Mais uma vez cruzo meus braços no peito para esconder meus seios. Eu podia estar mais coberta do que as outras mulheres, mas, de certa forma, eu me sentia mais exposta.

Completamente aberta para que o mundo me visse. Estou vestida de mim mesma, não de uma versão sexy de mim que eu posso retratar para os homens que estão esperando do outro lado da porta. De repente eu não quero que vejam quem eu realmente sou. Eu queria estar toda cheia de maquiagem, talvez com uma peruca loira e com enfeites pendurados em meus mamilos. Eu poderia ser quem eles quisessem que eu fosse. Em vez disso, sou só Sophie, e isso me parece ser bastante perigoso. Não posso deixar que meu dono penetre em minha cabeça. Ele pode estar comprando os direitos sobre o meu corpo, mas ele certamente nunca me terá da maneira como eu realmente sou. Eu preciso me lembrar disso.

Ao pararmos em frente a uma porta de aço, o pânico toma conta de minhas veias e minha garganta se fecha, meu reflexo de vomitar envia a bile para cima. Respiro fundo pelo nariz e abro a boca para dizer a Bill que mudei de ideia quando ele de repente levanta a mão e vira a maçaneta.

A porta se abre e revela uma sala grande, com pouca luz. A única luz vem de uma lâmpada sozinha pendurada diretamente acima de um palco, no centro da sala. Há homens sentados de frente para o pequeno palco, seus rostos estão completamente escondidos pelas sombras. Não consigo distinguir uma única pessoa, e sei que o objetivo é exatamente este. A natureza das atividades desta noite deixa claro que eles querem seu anonimato. E o tipo de dinheiro que será gasto hoje dá a eles esse direito.

Bill me empurra delicadamente para a frente e sussurra algo me encorajando, mas o coração batendo em meus ouvidos não me deixa entender a mensagem.

Movo meus pés pela sala, meus braços ainda estão cruzados sobre meus seios.

O leve cheiro de fumaça de charuto invade meus sentidos enquanto caminho em direção à plataforma. Mantenho meus olhos no chão, deixando que a luz pendurada no teto me guie. Meus joelhos tremem enquanto subo os últimos degraus.

Finalmente piso no palco e olho para o pequeno grupo de homens. Olhando para baixo, sei que nunca teria coragem o suficiente para tirar minha roupa na frente de outras pessoas.
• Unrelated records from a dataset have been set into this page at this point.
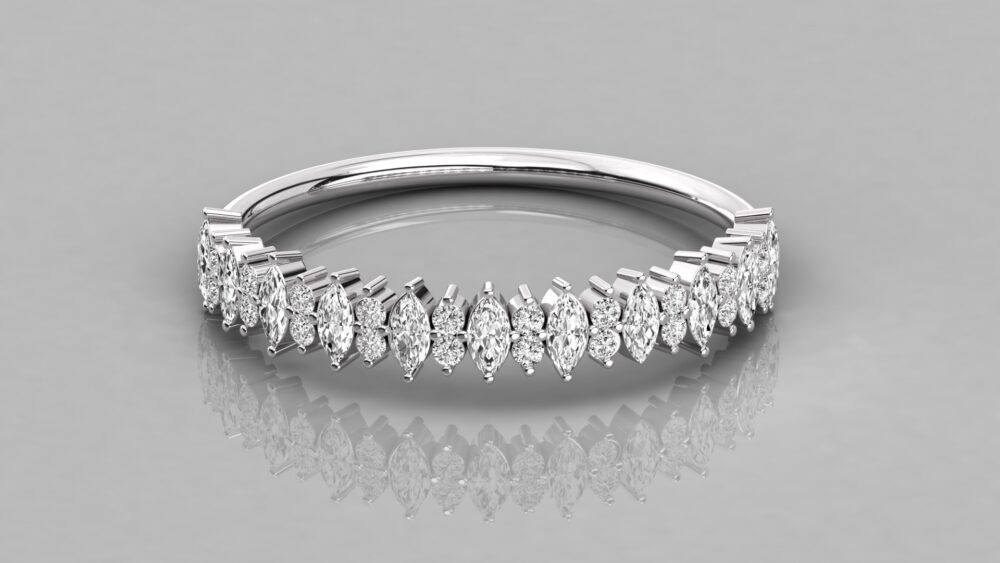 Marquise and Round Lab Grown Diamond Wedding Band - Image 4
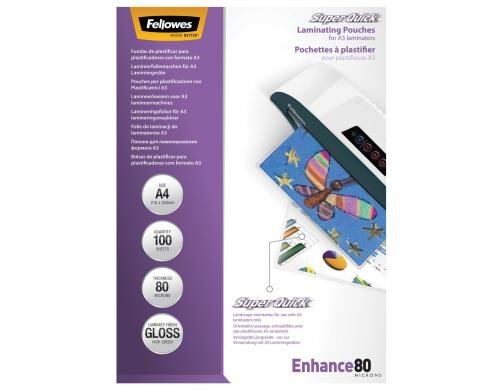 Fellowes Laminierfolien SuperQuick A4 80 Mikron, 100 Stück, 216x303mm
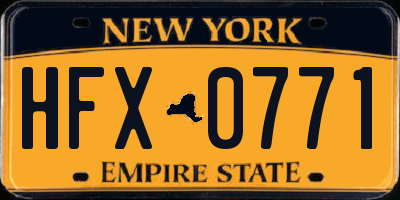 NY license plate HFX0771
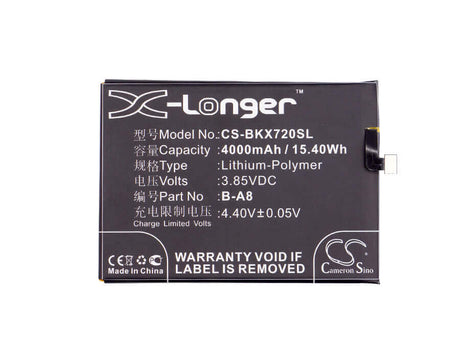 3.85V, Li-Polymer, 4000mAh, SmartPhone battery fits Bbk, B-a8, Vivo X7 Plus, Vivo X7 Plus Dual Sim, 15.4Wh Mobile, SmartPhone Cameron Sino Technology Limited (Suspended)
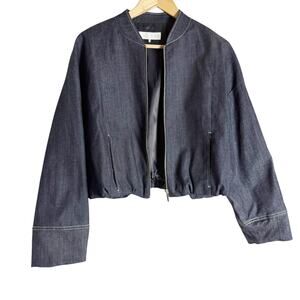 Zara Dark Chambray Denim 2 Piece Pleated Mini Skirt Jacket Co-Ord Set S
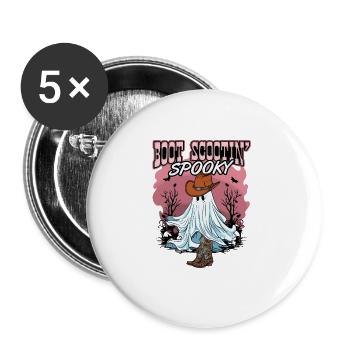 Halloween Mignon Fantôme Rétro Western Botte Drôle - Lot de 5 grands badges (56 mm) - blanc - Devant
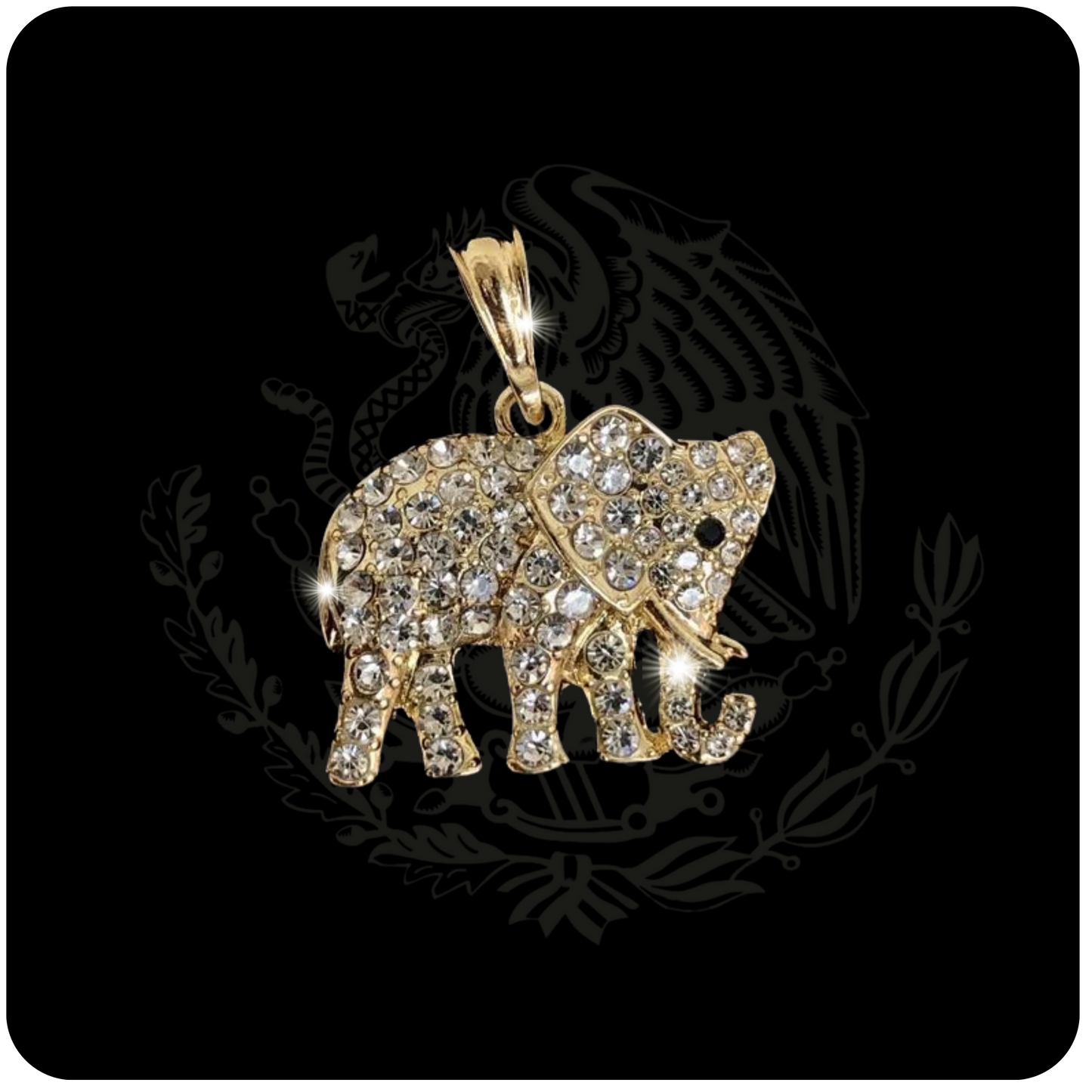 Gold Crystal Elephant Charm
Eu mal consigo ficar em pé aqui sem meus joelhos encostarem-se uns nos outros, e o simples fato de me lembrar de puxar ar para dentro dos pulmões e depois soltá-lo parece estar além da minha capacidade. Mas uma onda de determinação surge dentro de mim. Estou aqui para salvar Becca.

Um homem em pé na sombra na lateral da sala limpa a garganta.

— Apresento-lhes a nona e última garota da noite. E, acreditem em mim quando digo a vocês, senhores, que guardamos o melhor para o fim. Ela é pura e intocável, exatamente como veio ao mundo. É virgem e deseja e concorda totalmente com o acordo de seis meses. E então, quem gostaria de dar o primeiro lance?

O salão fica em silêncio por um segundo e espero que algo aconteça.

— Tire as mãos dos peitos, anjinho — diz um homem.

Levanto meus olhos em direção ao som da voz, mas minhas mãos continuam onde estavam. Um lampejo de desafio que eu não sabia que tinha resolve dar as caras. Ninguém é meu dono ainda. Não haviam nem feito uma oferta. Eu ainda controlo o meu destino.